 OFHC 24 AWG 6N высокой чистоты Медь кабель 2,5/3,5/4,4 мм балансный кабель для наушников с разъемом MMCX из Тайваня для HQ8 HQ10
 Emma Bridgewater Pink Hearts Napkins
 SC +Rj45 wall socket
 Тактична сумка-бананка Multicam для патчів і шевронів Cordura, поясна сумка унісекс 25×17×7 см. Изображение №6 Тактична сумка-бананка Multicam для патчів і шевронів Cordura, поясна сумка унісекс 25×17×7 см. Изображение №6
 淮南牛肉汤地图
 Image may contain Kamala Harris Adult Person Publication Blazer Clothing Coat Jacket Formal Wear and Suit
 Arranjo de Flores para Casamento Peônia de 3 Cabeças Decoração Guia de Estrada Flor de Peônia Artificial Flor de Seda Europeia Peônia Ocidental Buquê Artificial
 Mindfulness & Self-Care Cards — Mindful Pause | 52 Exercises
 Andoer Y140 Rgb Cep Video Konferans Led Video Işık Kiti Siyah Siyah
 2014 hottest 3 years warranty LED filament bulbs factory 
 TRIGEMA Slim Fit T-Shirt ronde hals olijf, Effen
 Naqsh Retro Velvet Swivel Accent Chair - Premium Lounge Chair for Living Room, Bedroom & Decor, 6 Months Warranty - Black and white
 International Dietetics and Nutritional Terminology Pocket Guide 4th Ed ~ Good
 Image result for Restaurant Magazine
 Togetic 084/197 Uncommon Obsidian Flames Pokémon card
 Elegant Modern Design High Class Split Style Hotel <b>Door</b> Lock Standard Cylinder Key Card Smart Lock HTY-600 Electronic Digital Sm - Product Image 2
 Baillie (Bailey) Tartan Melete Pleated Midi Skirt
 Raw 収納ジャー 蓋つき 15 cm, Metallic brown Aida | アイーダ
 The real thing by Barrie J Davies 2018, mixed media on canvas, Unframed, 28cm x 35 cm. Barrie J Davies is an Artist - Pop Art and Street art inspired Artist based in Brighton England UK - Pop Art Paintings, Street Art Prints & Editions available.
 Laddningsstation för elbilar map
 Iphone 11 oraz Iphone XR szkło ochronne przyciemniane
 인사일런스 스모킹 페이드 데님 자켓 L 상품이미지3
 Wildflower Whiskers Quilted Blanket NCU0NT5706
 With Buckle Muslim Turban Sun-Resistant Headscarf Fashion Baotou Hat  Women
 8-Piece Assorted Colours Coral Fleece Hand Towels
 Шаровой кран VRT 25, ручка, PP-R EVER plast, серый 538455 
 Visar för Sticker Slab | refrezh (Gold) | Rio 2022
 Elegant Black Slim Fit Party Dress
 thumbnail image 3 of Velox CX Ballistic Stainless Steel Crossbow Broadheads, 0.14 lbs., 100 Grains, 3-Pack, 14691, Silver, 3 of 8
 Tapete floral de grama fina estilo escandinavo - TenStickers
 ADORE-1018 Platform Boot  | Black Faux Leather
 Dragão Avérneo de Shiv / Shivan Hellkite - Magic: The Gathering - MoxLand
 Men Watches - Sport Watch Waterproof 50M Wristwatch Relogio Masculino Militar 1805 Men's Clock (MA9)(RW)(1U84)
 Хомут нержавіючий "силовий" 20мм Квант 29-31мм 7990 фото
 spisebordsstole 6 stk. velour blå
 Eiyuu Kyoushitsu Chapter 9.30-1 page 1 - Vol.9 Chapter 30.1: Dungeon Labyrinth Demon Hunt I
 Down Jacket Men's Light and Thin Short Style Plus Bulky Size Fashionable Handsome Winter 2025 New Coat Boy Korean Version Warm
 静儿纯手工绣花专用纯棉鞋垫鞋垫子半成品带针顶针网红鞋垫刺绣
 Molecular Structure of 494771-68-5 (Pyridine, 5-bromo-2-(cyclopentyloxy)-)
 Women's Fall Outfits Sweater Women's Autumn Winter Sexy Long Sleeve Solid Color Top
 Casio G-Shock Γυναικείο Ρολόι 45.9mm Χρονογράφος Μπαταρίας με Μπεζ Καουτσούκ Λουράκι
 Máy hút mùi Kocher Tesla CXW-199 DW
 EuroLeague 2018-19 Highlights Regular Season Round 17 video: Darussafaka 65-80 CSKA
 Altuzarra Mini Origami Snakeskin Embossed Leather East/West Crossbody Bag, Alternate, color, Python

----------------------------------------

Task to complete>
What is needed is a verbatim copy of every line in the records above from the one containing "Togetic 084/197 Uncommon" down to the one containing "Casio G-Shock Γυναικείο", both included, and nothing more.

Exercise result>
 Togetic 084/197 Uncommon Obsidian Flames Pokémon card
 Elegant Modern Design High Class Split Style Hotel <b>Door</b> Lock Standard Cylinder Key Card Smart Lock HTY-600 Electronic Digital Sm - Product Image 2
 Baillie (Bailey) Tartan Melete Pleated Midi Skirt
 Raw 収納ジャー 蓋つき 15 cm, Metallic brown Aida | アイーダ
 The real thing by Barrie J Davies 2018, mixed media on canvas, Unframed, 28cm x 35 cm. Barrie J Davies is an Artist - Pop Art and Street art inspired Artist based in Brighton England UK - Pop Art Paintings, Street Art Prints & Editions available.
 Laddningsstation för elbilar map
 Iphone 11 oraz Iphone XR szkło ochronne przyciemniane
 인사일런스 스모킹 페이드 데님 자켓 L 상품이미지3
 Wildflower Whiskers Quilted Blanket NCU0NT5706
 With Buckle Muslim Turban Sun-Resistant Headscarf Fashion Baotou Hat  Women
 8-Piece Assorted Colours Coral Fleece Hand Towels
 Шаровой кран VRT 25, ручка, PP-R EVER plast, серый 538455 
 Visar för Sticker Slab | refrezh (Gold) | Rio 2022
 Elegant Black Slim Fit Party Dress
 thumbnail image 3 of Velox CX Ballistic Stainless Steel Crossbow Broadheads, 0.14 lbs., 100 Grains, 3-Pack, 14691, Silver, 3 of 8
 Tapete floral de grama fina estilo escandinavo - TenStickers
 ADORE-1018 Platform Boot  | Black Faux Leather
 Dragão Avérneo de Shiv / Shivan Hellkite - Magic: The Gathering - MoxLand
 Men Watches - Sport Watch Waterproof 50M Wristwatch Relogio Masculino Militar 1805 Men's Clock (MA9)(RW)(1U84)
 Хомут нержавіючий "силовий" 20мм Квант 29-31мм 7990 фото
 spisebordsstole 6 stk. velour blå
 Eiyuu Kyoushitsu Chapter 9.30-1 page 1 - Vol.9 Chapter 30.1: Dungeon Labyrinth Demon Hunt I
 Down Jacket Men's Light and Thin Short Style Plus Bulky Size Fashionable Handsome Winter 2025 New Coat Boy Korean Version Warm
 静儿纯手工绣花专用纯棉鞋垫鞋垫子半成品带针顶针网红鞋垫刺绣
 Molecular Structure of 494771-68-5 (Pyridine, 5-bromo-2-(cyclopentyloxy)-)
 Women's Fall Outfits Sweater Women's Autumn Winter Sexy Long Sleeve Solid Color Top
 Casio G-Shock Γυναικείο Ρολόι 45.9mm Χρονογράφος Μπαταρίας με Μπεζ Καουτσούκ Λουράκι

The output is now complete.